#### [WHAT YOU SHOULD DO]
From the listing below, output the lines between the one with "Omega DE VILLE" and the one with "Chloé Spin tote bag in grained leather Chloé", including those two, and nothing else. Pictures are not copied.

#### [MATERIAL FOR THIS TASK]
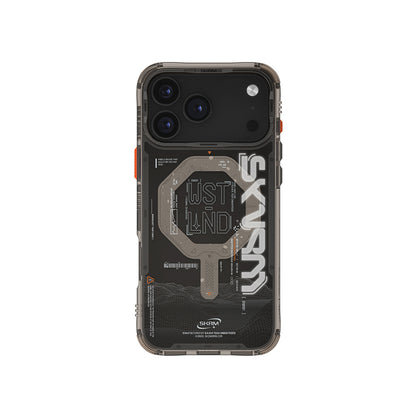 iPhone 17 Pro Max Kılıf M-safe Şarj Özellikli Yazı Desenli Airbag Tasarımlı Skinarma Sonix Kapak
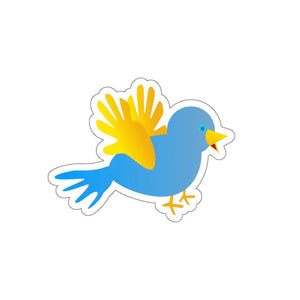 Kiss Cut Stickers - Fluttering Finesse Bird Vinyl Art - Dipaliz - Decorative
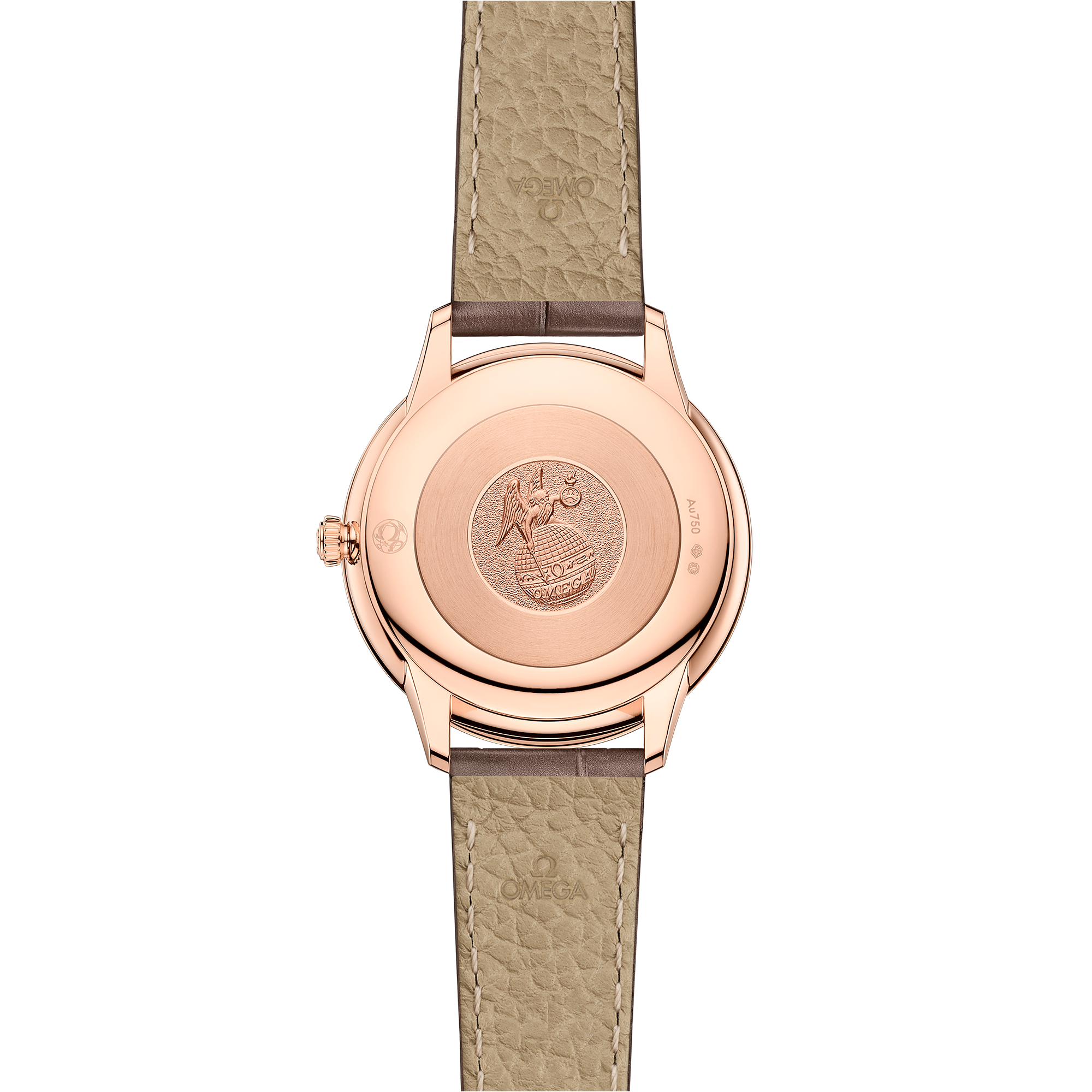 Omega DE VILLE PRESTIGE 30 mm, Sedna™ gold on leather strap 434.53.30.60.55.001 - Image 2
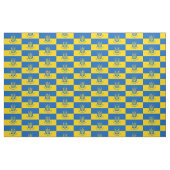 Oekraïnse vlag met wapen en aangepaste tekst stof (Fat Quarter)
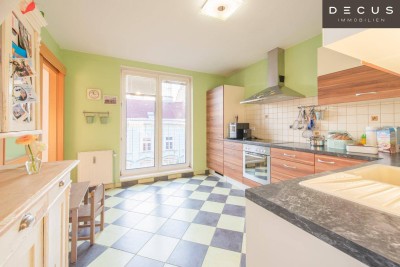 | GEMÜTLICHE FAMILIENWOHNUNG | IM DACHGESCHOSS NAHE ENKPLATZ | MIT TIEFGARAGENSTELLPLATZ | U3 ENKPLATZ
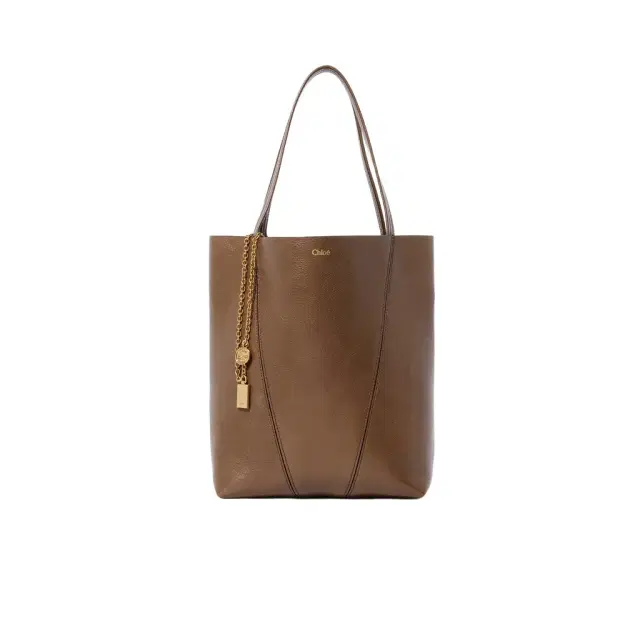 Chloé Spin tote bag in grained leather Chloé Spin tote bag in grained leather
==
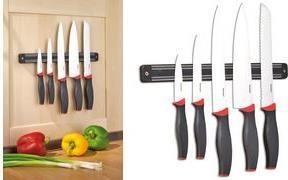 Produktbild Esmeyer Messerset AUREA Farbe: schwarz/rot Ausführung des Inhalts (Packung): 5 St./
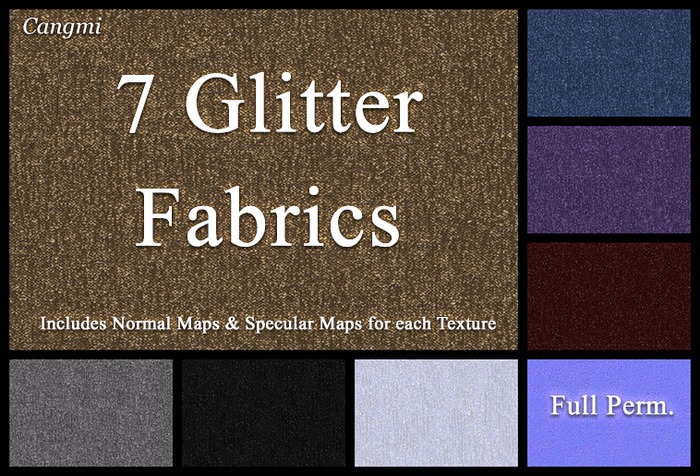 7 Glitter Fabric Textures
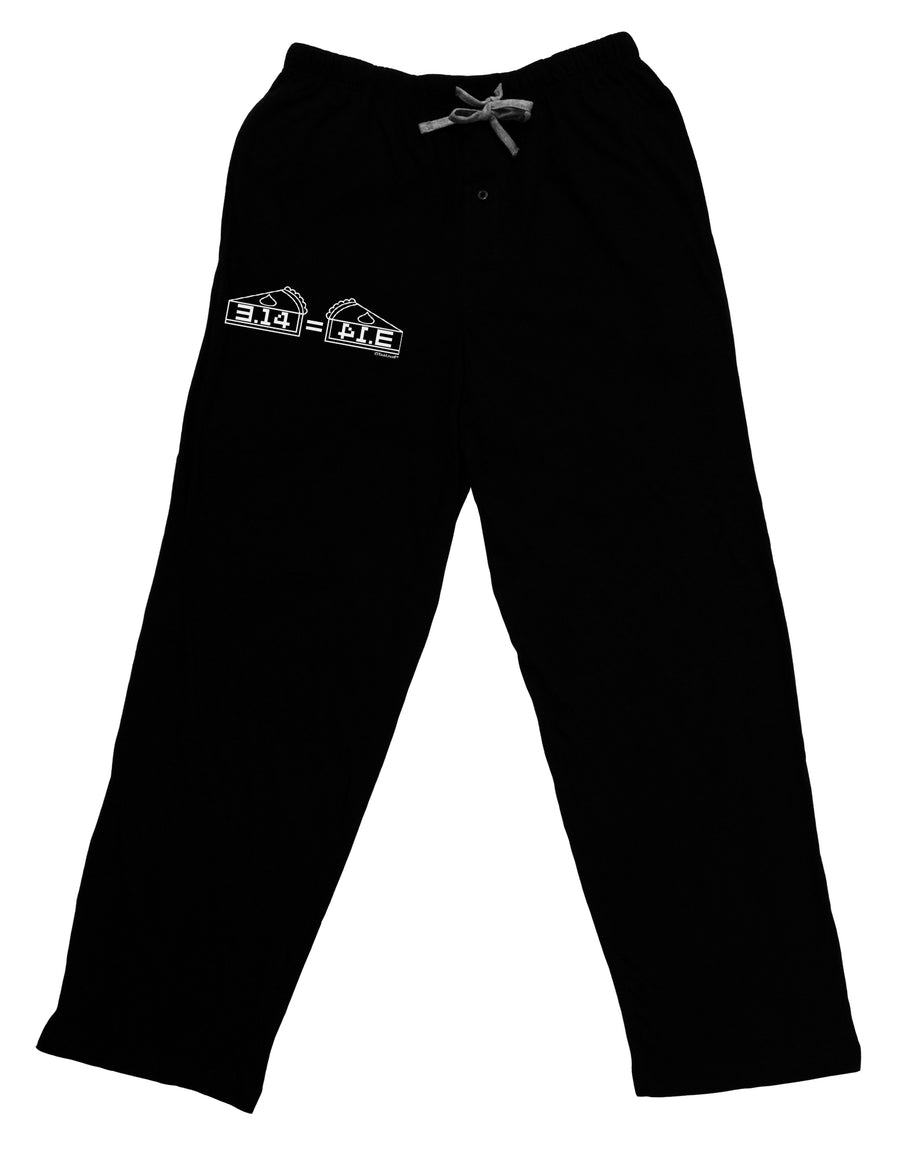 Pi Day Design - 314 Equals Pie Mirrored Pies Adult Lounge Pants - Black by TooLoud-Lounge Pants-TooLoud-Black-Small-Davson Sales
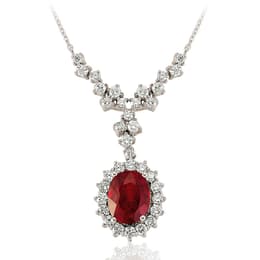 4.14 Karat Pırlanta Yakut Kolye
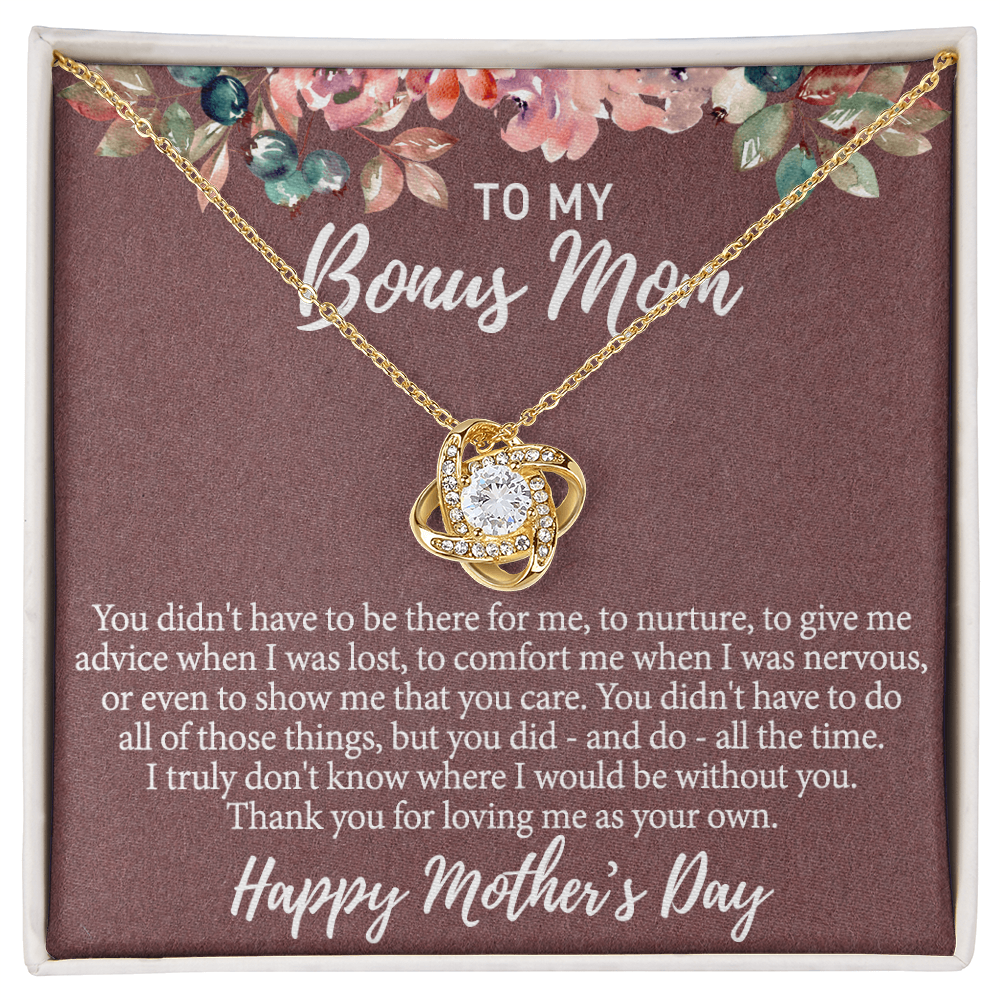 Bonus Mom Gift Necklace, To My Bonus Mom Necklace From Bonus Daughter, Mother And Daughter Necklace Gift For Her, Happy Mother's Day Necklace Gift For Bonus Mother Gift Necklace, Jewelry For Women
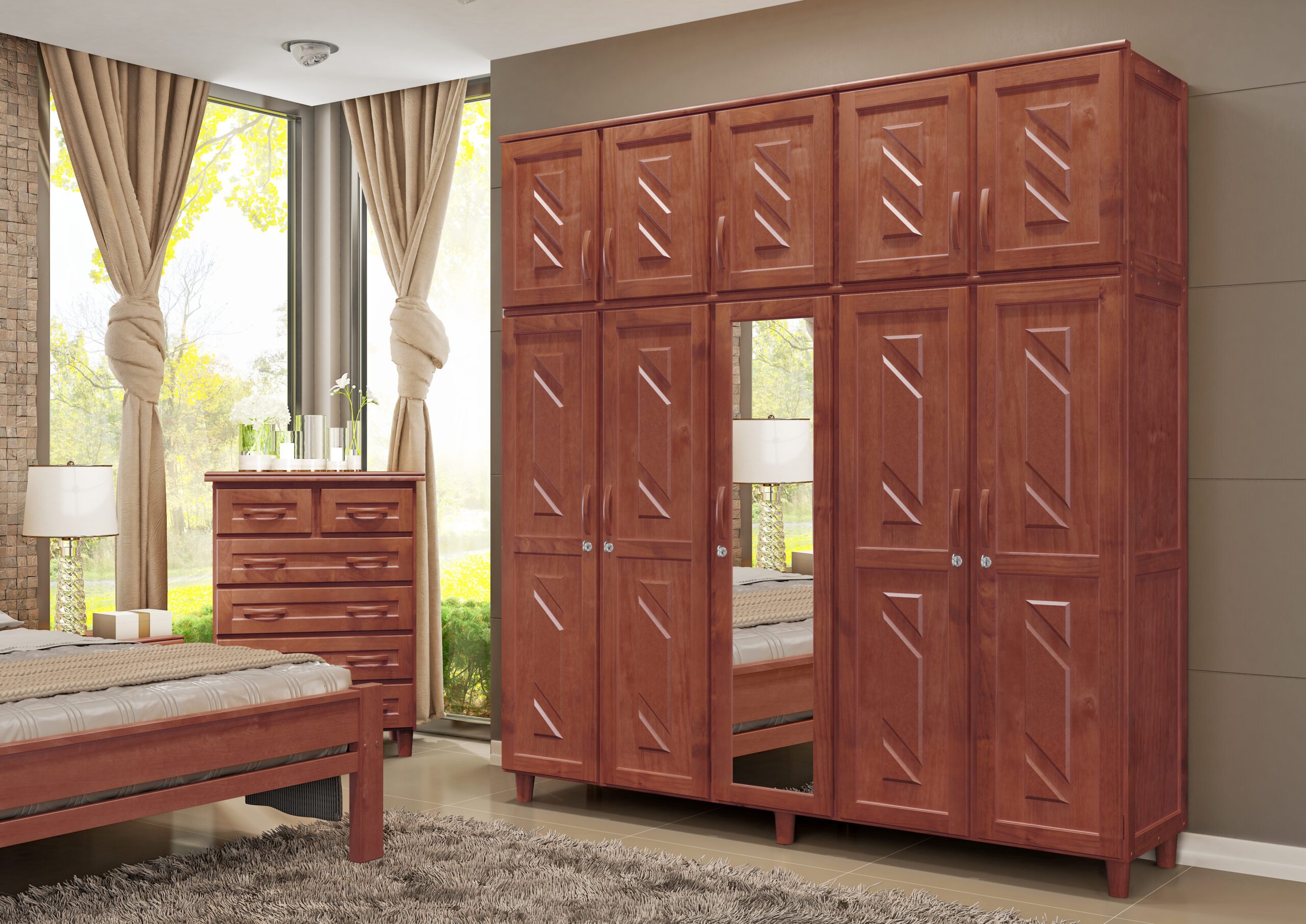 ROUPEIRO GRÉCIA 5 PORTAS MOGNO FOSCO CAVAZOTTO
---
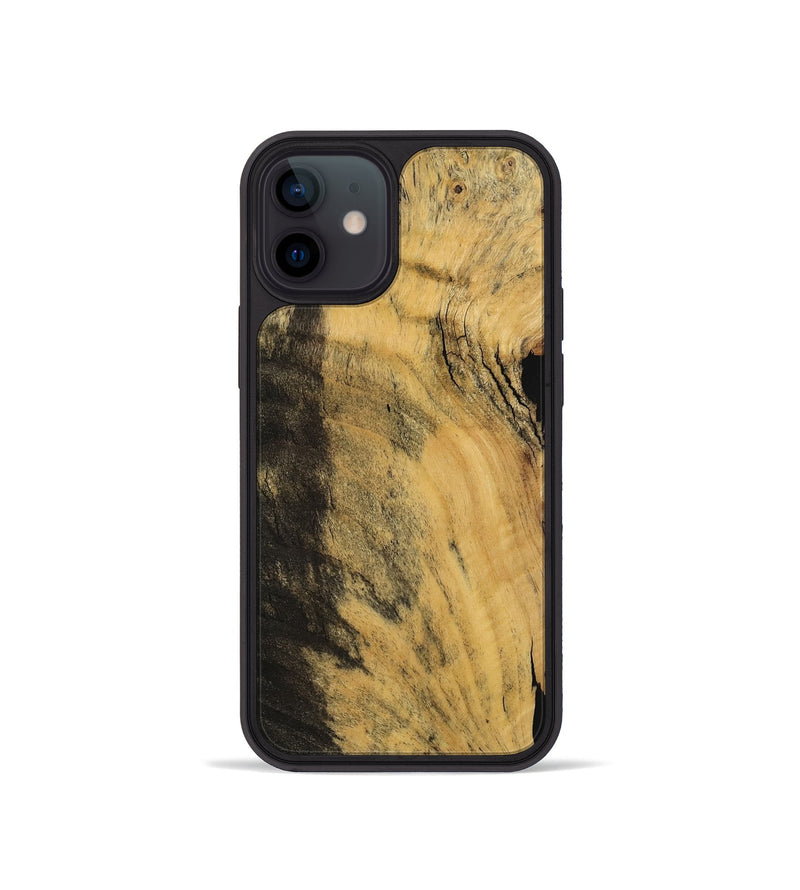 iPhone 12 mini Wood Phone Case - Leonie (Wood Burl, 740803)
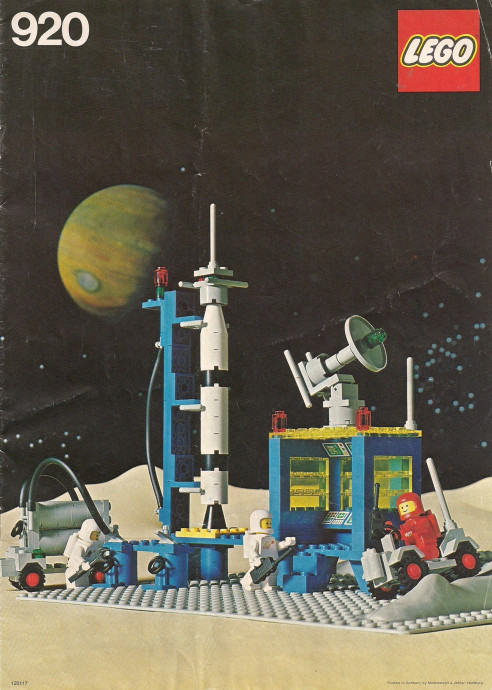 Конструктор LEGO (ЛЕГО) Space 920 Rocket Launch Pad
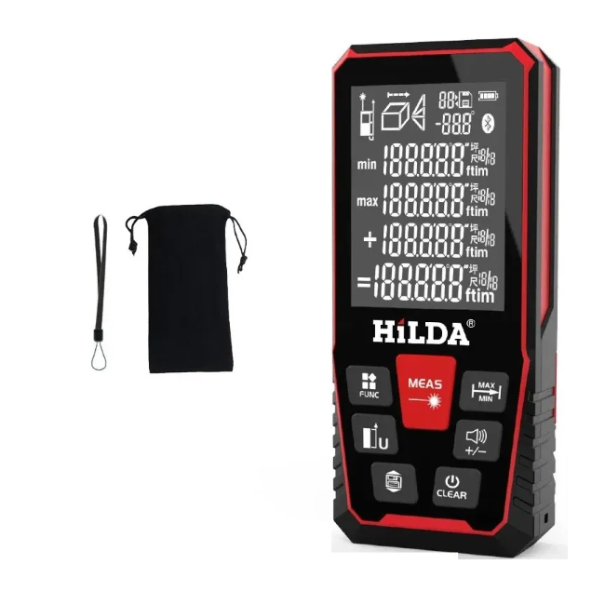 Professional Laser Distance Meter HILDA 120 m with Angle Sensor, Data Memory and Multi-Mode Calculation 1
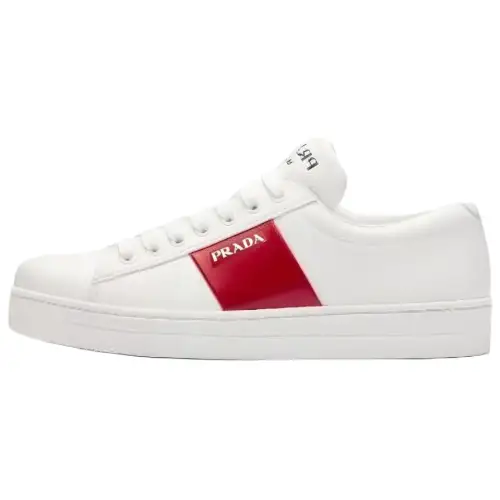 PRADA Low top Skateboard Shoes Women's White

#### [OUTPUT OF THE EXERCISE]
 Omega DE VILLE PRESTIGE 30 mm, Sedna™ gold on leather strap 434.53.30.60.55.001 - Image 2
 Oekraïnse vlag met wapen en aangepaste tekst stof (Fat Quarter)
 | GEMÜTLICHE FAMILIENWOHNUNG | IM DACHGESCHOSS NAHE ENKPLATZ | MIT TIEFGARAGENSTELLPLATZ | U3 ENKPLATZ
 Chloé Spin tote bag in grained leather Chloé Spin tote bag in grained leather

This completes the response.